According to Marion Nestle, a professor of nutrition and public at New York University, the substance is safe but still raises issues.
“It is not dangerous at all. The question is whether it’s socially acceptable,” says Ms. Nestle. “Humans don’t usually eat byproducts. Just because it’s safe doesn’t mean it’s acceptable.”
Nestle thinks that the product should be labeled so that consumers can decide.
LFTB is found in retail ground beef, low-fat hotdogs, lunch meat, beef sticks, pepperoni, frozen entrees, meatballs, and canned foods. Until early this year, fast food chains such as McDonald’s, Taco Bell, and Burger King used the filler in their beef products.
Industry experts estimate that around 850 million pounds of the filler are used each year, which means that if consumers won’t tolerate it, the industry will have to find another product to use.
“It can have a ripple effect economically,” says Mr. Russell of the National Meat Association.

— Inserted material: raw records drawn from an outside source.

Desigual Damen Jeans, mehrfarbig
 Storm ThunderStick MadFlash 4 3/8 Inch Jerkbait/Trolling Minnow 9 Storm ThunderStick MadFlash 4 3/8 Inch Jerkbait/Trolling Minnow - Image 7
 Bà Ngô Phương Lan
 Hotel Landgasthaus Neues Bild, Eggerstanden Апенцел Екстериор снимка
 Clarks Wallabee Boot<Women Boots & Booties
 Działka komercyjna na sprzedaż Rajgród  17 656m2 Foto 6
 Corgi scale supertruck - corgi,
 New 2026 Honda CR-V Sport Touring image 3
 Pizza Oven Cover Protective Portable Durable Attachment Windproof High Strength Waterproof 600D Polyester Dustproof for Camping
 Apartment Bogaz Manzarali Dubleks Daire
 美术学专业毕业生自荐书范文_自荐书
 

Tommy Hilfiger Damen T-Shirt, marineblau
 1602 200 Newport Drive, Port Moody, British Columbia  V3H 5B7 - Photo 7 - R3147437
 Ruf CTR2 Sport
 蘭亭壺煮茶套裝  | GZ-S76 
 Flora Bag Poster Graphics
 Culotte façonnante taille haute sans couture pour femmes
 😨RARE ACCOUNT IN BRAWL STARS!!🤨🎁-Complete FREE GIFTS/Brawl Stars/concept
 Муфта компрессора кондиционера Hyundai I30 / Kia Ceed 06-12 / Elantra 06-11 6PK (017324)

Companies that produceLFTB have been employing PR strategies, although some wonder whether it is too late.
“They are way late on the story. They need Public Relations training,” says Nestle.
Beef Products Inc., took out a full page advertisement in The Wall Street Journal last week to make a case for LFTB. The ad featured a statement on the economic impact by Beef Products Inc. founder Eldon Roth.
“It is simply amazing how this mis-information campaign can take a company and product that has long been recognized for its quality and safety and turn the public perception so negative that it now may result in the loss of over 3,000 jobs (direct employment and companies that rely upon our business) and affected their families and communities,” wrote Mr. Roth.
The ad also featured a letter from a woman named Nancy Donley, the founder and President of STOP Foodborne Illness. Ms. Donley wrote about her child, who died from E. Coli, and defended Beef Products Inc.’s record when it comes to food safety.
Beef Products Inc. has started a blog called “beef is beef” to defend itself and challenge the notion of “pink slime.”
But a lot may be in the name.
“The name pink slime is really just a hopeless PR problem,” says Ms. Nestle.